滅びの美学というか、義に殉じて死んで行くような世界ではあるのですが、智(知)、信、礼が学問によって常に変化していくものだとすれば、「仁/義」の根本は変わらなくても、行動は変化していくはずですし、この変化は恐れてはならず、むしろ歓迎すべきなのです。
かつての日本(江戸時代、明治時代から太平洋戦争まで)では常識だったことが、現代では必ずしも常識ではありません。
国際紛争を戦争で解決するのではなく、交渉や協議によって解決していく、または小規模の戦闘で収めようとする。性差を当然とするのではなく、誰にとっても働きやすく生きやすい社会にしていこうとする。
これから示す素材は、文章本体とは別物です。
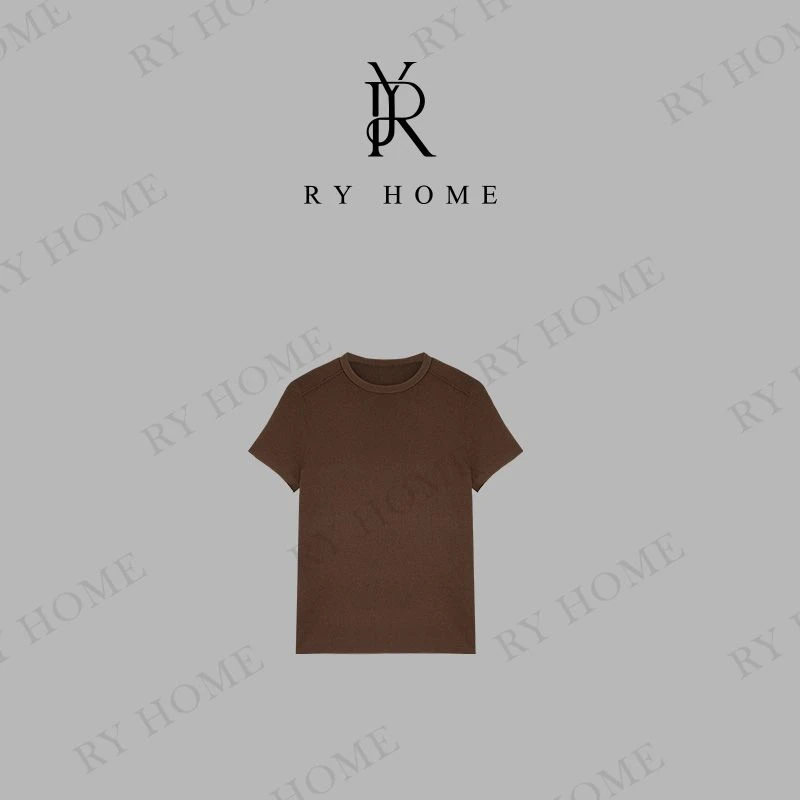 【容雨RYHOME】亚麻绢丝拼缝毛织套头短袖T恤253M3022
このような考えから、政府が率先してLGBTなどマイノリティに目を向けることが当然となってきているなど、時代は刻々と変化し、それによって、信や礼のあり方も変化します。
変化は正直、気持ち的にシンドイですし面倒です。いろいろな犠牲を伴うものですが、学問によって裏打ちされた変化は、むしろ犠牲を最小にできるはずで、そういう道を選択することがよりよい未来につながっているのです。
※『論語』の漢文、読み下し文は岩波文庫版・金谷治訳注に準拠しています。